[Opening RECORDS FOR PROCESSING section]

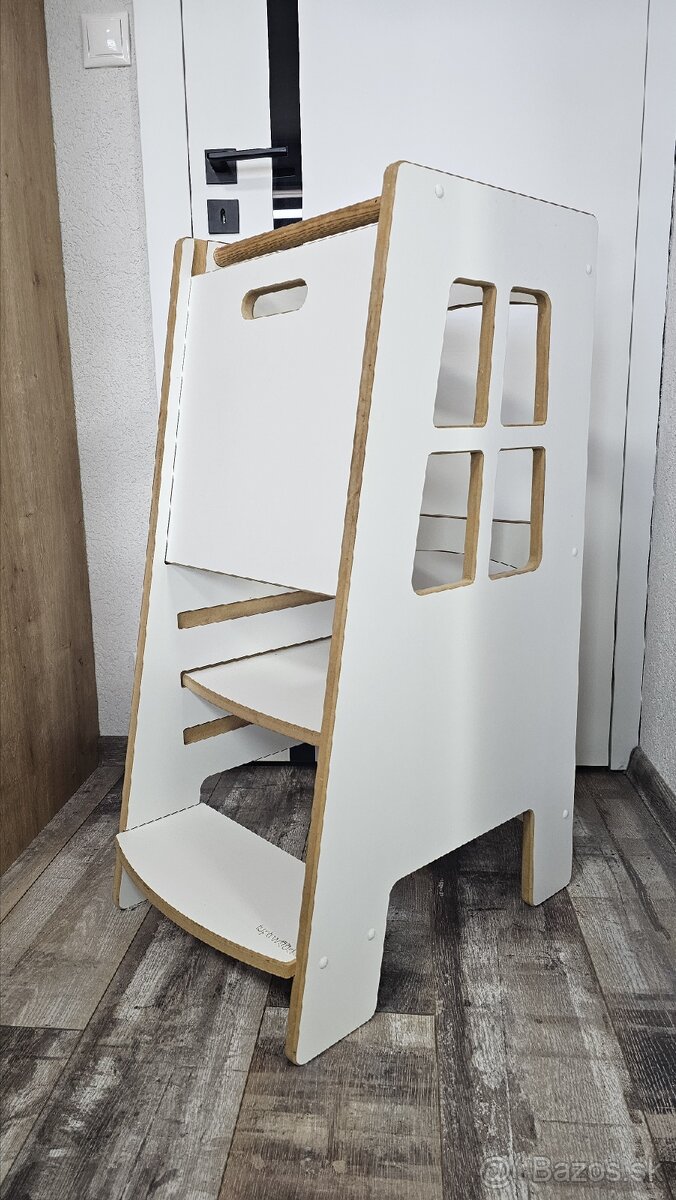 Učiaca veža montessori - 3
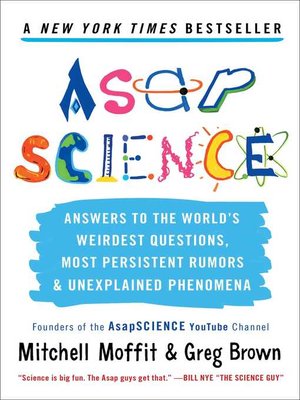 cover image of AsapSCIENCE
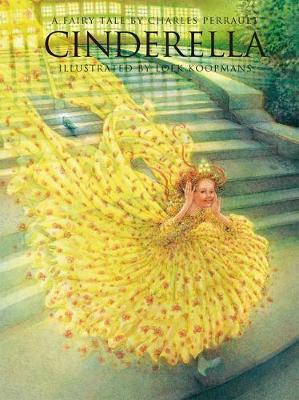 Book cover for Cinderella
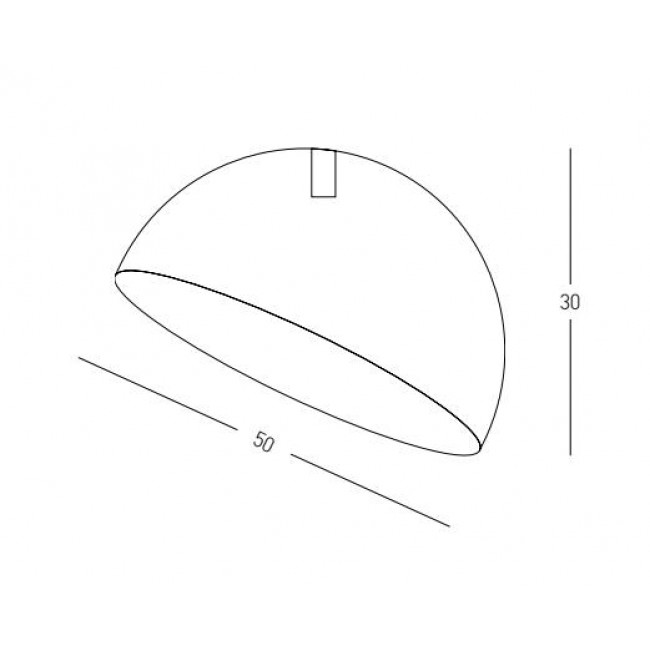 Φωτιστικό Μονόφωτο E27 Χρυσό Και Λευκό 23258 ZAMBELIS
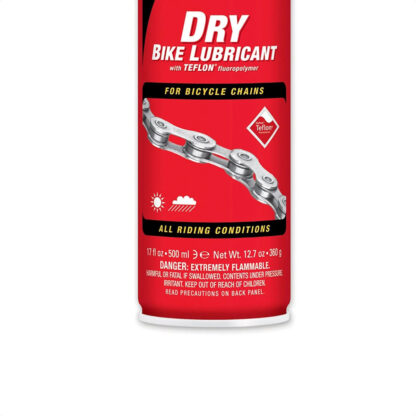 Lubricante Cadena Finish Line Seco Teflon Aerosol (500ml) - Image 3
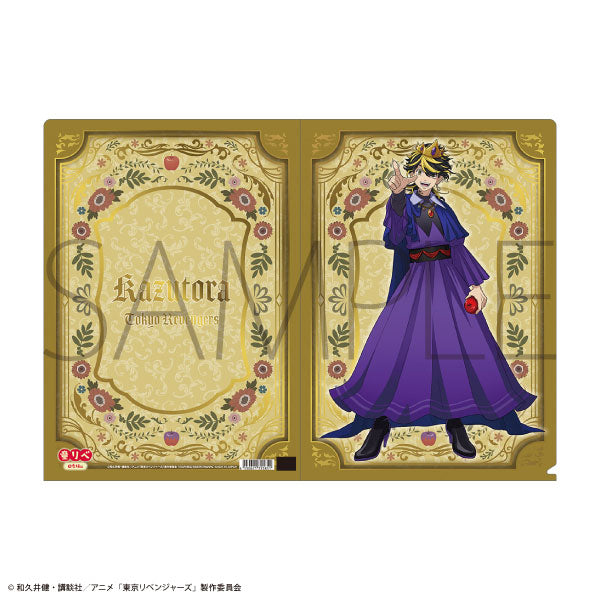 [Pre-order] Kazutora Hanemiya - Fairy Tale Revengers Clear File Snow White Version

[Closing RECORDS FOR PROCESSING section]

**WHAT TO WORK ON:**
Output the data above in full. Skip every picture.

**EXPECTED ANSWER:**
 Učiaca veža montessori - 3
 cover image of AsapSCIENCE
 Book cover for Cinderella
 Φωτιστικό Μονόφωτο E27 Χρυσό Και Λευκό 23258 ZAMBELIS
 Lubricante Cadena Finish Line Seco Teflon Aerosol (500ml) - Image 3
 [Pre-order] Kazutora Hanemiya - Fairy Tale Revengers Clear File Snow White Version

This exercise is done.